In PDOPPS, rates of permanent transfer to HD, and death vary significantly by country and facility. Future work will identify reasons for variation in PD outcomes, and identify practices to reduce the risk of PD attrition.

Funding

  • Commercial Support – The DOPPS Program is supported by Amgen, Kyowa Hakko Kirin, Baxter Healthcare. Additional support for specific projects and countries is provided by AstraZeneca, European Renal Association-European Dialysis & Transplant Association (ERA-EDTA), Fresenius Medical Care Asia-Pacific Ltd, Fresenius Medical Care Canada Ltd, German Society of Nephrology (DGfN), Janssen, Japanese Society for Peritoneal Dialysis (JSPD), Keryx, Kidney Care UK, MEDICE Arzneimittel Pütter GmbH & Co KG, Proteon, and Vifor Fresenius Medical Care Renal Pharma.
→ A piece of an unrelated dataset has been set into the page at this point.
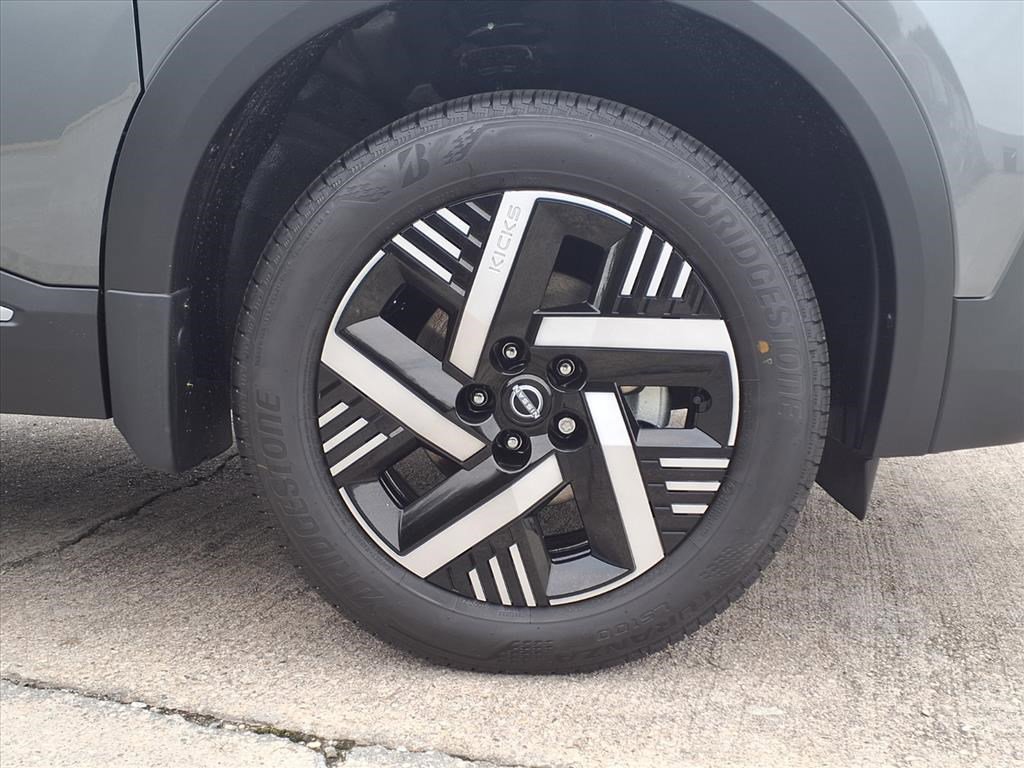 2026 Nissan Kicks SV photo 2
Public funding and support is provided for specific DOPPS projects, ancillary studies, or affiliated research projects by National Health & Medical Research Council (NHMRC) in Australia, Cancer Care Ontario (CCO) through the Ontario Renal Network (ORN) in Canada, French National Institute of Health and Medical Research (INSERM) in France, Thailand Research Foundation (TRF), Chulalongkorn University Matching Fund, King Chulalongkorn Memorial Hospital Matching Fund, and the National Research Council of Thailand (NRCT) in Thailand, National Institute for Health Research (NIHR) via the Comprehensive Clinical Research Network (CCRN) in the United Kingdom, and National Institutes of Health (NIH) in the US. All support is provided without restrictions on publications. All grants are made to Arbor Research Collaborative for Health and not to Dr. Perl directly.